Al clan Ridosso/Loreto arrivò la proposta di avere l’appalto al verde pubblico, ma Loreto ha dichiarato di non ricordare chi fosse in quel momento l’assessore al verde pubblico. Sul punto è stata reiterata la contestazione sulle dichiarazioni contenute nel verbale di dichiarazioni al P.M. del Loreto, in cui quest’ultimo avrebbe nominato l’assessore Raffaele Sicignano. L’appalto, in ogni caso, valeva pochi spiccioli, per cui rifiutarono.
La solidità di Aliberti, qualche anno dopo le elezioni del 2013, cominciò ad essere claudicante, e ciò avrebbe potuto determinare la solidità dell’amministrazione. Il primo eletto fu Barchiesi. Secondo il Loreto, il secondo non eletto era Umberto Di Lallo, ma questa intuizione del clan risulta essere errata, perchè secondo i dati ufficiali della Prefettura il vero secondo non eletto della lista civica “Grande Scafati” era Espedito De Marino: le dimissioni di Roberto Barchiesi avrebbero determinato il subentro in consiglio comunale non di Umberto Di Lallo, ma di Espedito De Marino.
Alfonso Loreto ha dichiarato che il quartiere dove è nato e cresciuto è Mariconda, quartiere noto di Scafati.
È stato chiesto a Loreto cosa accadde dopo il pestaggio a Barchiesi: quest’ultimo si recò da Loreto e gli raccontò che era stato aggredito, ma principalmente per un’altra vicenda. Loreto fece finta di non saperne nulla. Barchiesi, addirittura, sanguinava. Successivamente Barchiesi tornò da Loreto e c’era, in quell’occasione, anche Luigi Ridosso: si accorsero che, in quel momento, aveva un registratore. Con Luigi Ridosso, in ogni caso, si parlò della programmazione, ma il pestaggio passò in secondo piano. Il motivo per cui fu percosso, secondo Loreto, era perchè serpeggiava all’interno del clan il dubbio che Barchiesi stesse mentendo. Ebbero la conferma del suo doppio gioco all’atto della convocazione di Barchiesi: da ciò si deduce che non vi era comunicazione e coordinamento tra i membri del patto elettorale politico-mafioso.

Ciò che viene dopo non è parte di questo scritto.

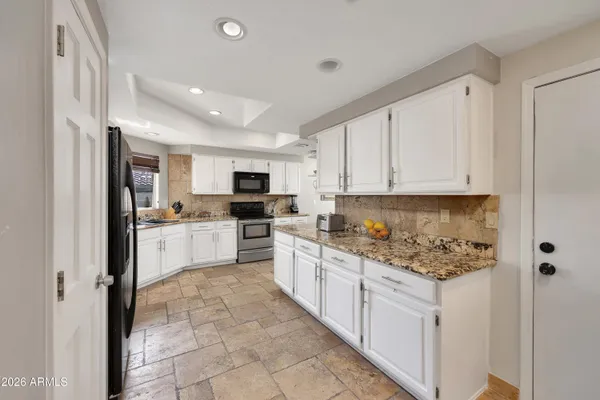 a kitchen with white cabinets and white appliances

La sezione elettorale di riferimento del quartiere Mariconda è la n.13: secondo i dati ufficiali della Prefettura, Roberto Barchiesi (alquanto stranamente, dato che Mariconda rappresenta la roccaforte del Loreto) solo 6 preferenze.

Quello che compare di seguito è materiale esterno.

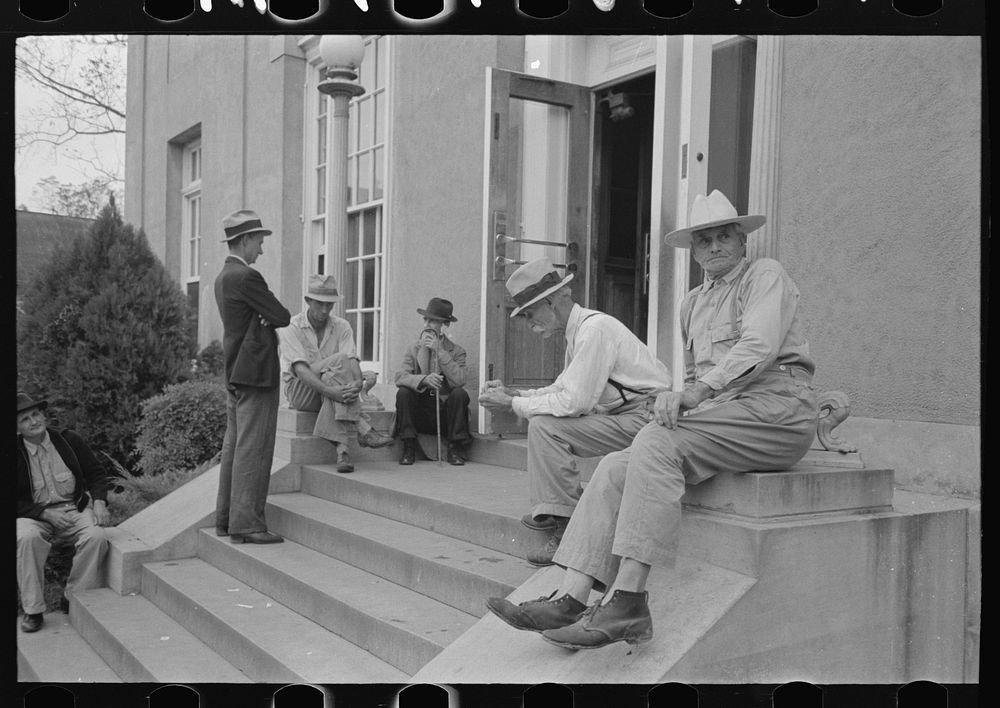 Men sitting on steps of post office, Lafayette, Louisiana by Russell Lee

Alfonso Loreto, in ultimo, ha dichiarato di conoscere un tal sig. Generale, zio della moglie di Dario Spinelli. In questa vicenda, avrebbe avuto solo il ruolo di amico di Roberto Barchiesi, ma nessun ruolo di rilevanza.
La prossima udienza è prevista per mercoledì 5 giugno, quando l’avv. Michele Sarno, l’altro difensore di Andrea Ridosso, completerà definitivamente il contro-esame di Loreto. Si procederà poi con la testimonianza di Romolo Ridosso.